Background Knowledge mobilisation (KMb) can be defined as the movement of available knowledge (research) into active use. In the health sciences, there is a need to identify and describe knowledge mobilisation activities from a range of different ‘producers’ and ‘users’ of knowledge. A recent review of reviews of knowledge mobilisation highlighted the need for the evaluation of KMb activities and approaches, as well as mapping knowledge mobilisation archetypes.
This case study details a knowledge mobilisation activity between a UK and US university (knowledge producers), and a US state public health department (knowledge users). There were 3 objectives: First, exchange knowledge of the persistent challenges and best practices identified by UK and US settings for conducting research embedded in public health practice. Second, identify the methods that worked best and in what context, for moving knowledge into active use in public health practice. Third, map knowledge mobilisation activities. The exchange took place over 1 week in 2016.
Methods Qualitative case study. We used participant observation, document analysis and interview to record knowledge mobilisation activities. We used thematic analysis (using the OSOP technique) to draw out themes.
Results We discussed the challenges and opportunities that the UK and US institutions face in achieving high-quality ‘real-world’ public health research that has been or could be used in practice.

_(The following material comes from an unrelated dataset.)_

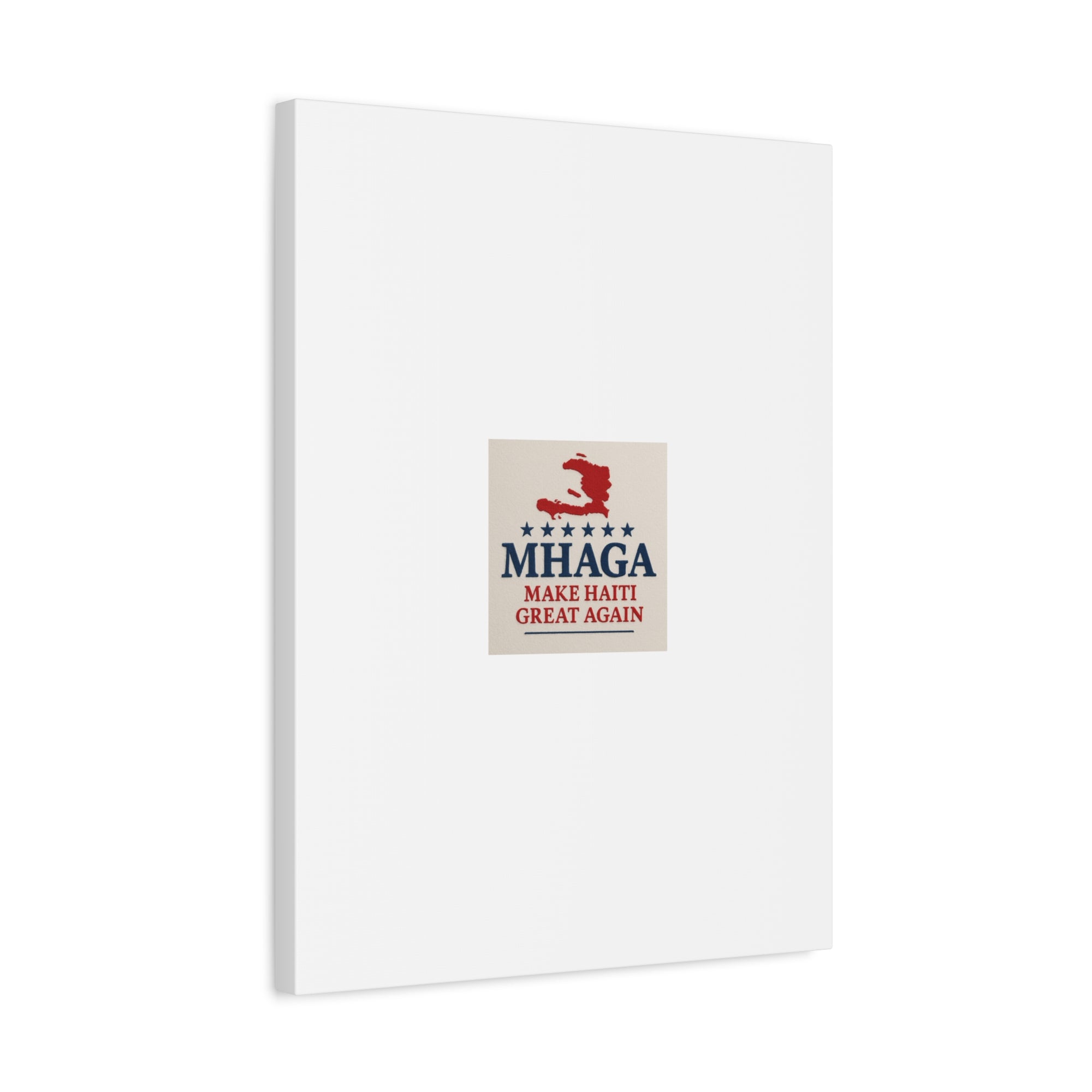 Matte Canvas Wall Art - MHAGA Make Haiti Great Again, Political Decor, Haitian Pride, Home Gallery, Unique Gift Idea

Thematic findings centred on:
Exemplars of practice: Knowledge mobilisation that worked well was usually dependent on secure, long-standing relationships between key individuals (but not necessarily the most powerful individuals).
Mobilisation methods: A range of methods were reported to move knowledge into active use, from social and relational to traditional linear processes of knowledge production and (assumed) implementation in practice.
Mobilisation activities: archetypes identified in a knowledge mobilisation review of reviews were compared to current practice from this exchange. Archetypes of knowledge mobilisation in practice were ‘evidence advocacy’ and ‘knowledge production’ and those ‘brokering research’ and ‘fostering networks’.
Details of each theme will be presented.
Conclusion This knowledge mobilisation exchange helped to identify the most useful knowledge mobilisation activities occurring in these UK and US institutions. The exchange was itself an example of knowledge mobilisation. It has provided a benchmark for identifying what types of knowledge mobilisation activities are best suited, and in what context, for moving knowledge into active use in each country. A study limitation is the case study method, as the findings cannot be widely generalised without external replication.